Sing Kong was endlessly generous with his time. Again and again, I would ask for his help and was never once denied. Full of cheer, at what was for him one or two o’clock in the morning, he would appear, bright and cheery, on Skype to address some American audience about what could be accomplished with the right kind of system design.
When Sing Kong stepped down as the leader of the NIE, he could once again have retired secure in the knowledge that he had made a unique contribution both in Singapore and in the larger world. But it did not work out that way. In the course of a chance conversation with the President of the Nanyang Technological University, one of Singapore’s leading higher education institutions, the President asked for Sing Kong’s opinions about what his university should be doing in the next phase of its development.

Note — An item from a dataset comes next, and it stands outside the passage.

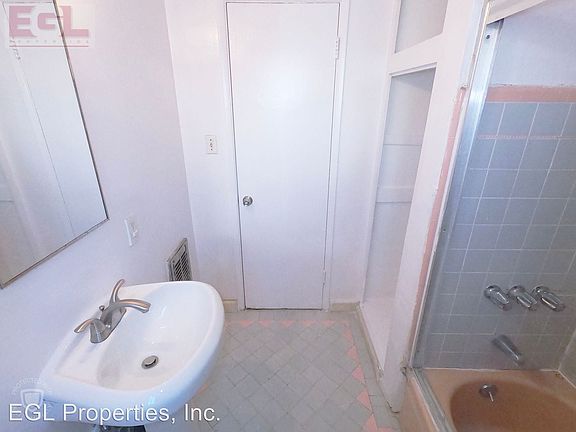 5th image of 1204 N Van Ness Ave APT B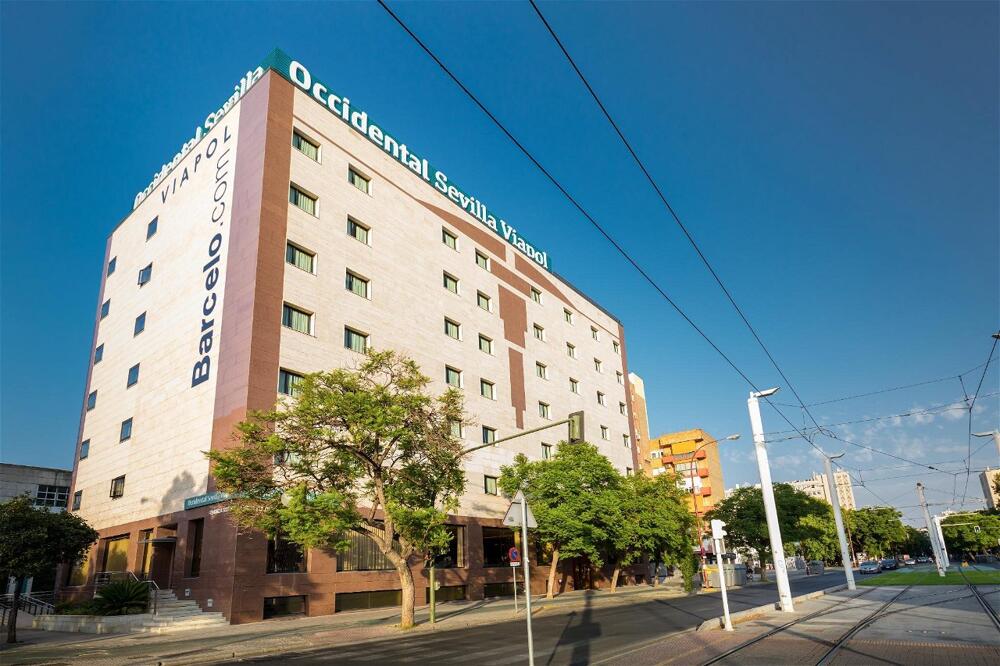 Foto del exterior de Occidental Sevilla Viapol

Sing Kong’s impromptu answer was so intriguing that the President asked Sing Kong to forget retirement and instead become his advisor on the future development of the university. Sing Kong, of course, as the President of the university clearly intended, took this as an opportunity to ask all the fundamental questions about the future, not just of this institution, but of all similar institutions in an age in which postsecondary education will undergo fundamental changes in mission, function and design. It was this third career that was ended by Sing Kong’s heart attack.
I will miss this remarkable trailblazer, thinker, doer, designer, this man of big heart, booming voice and unique vision.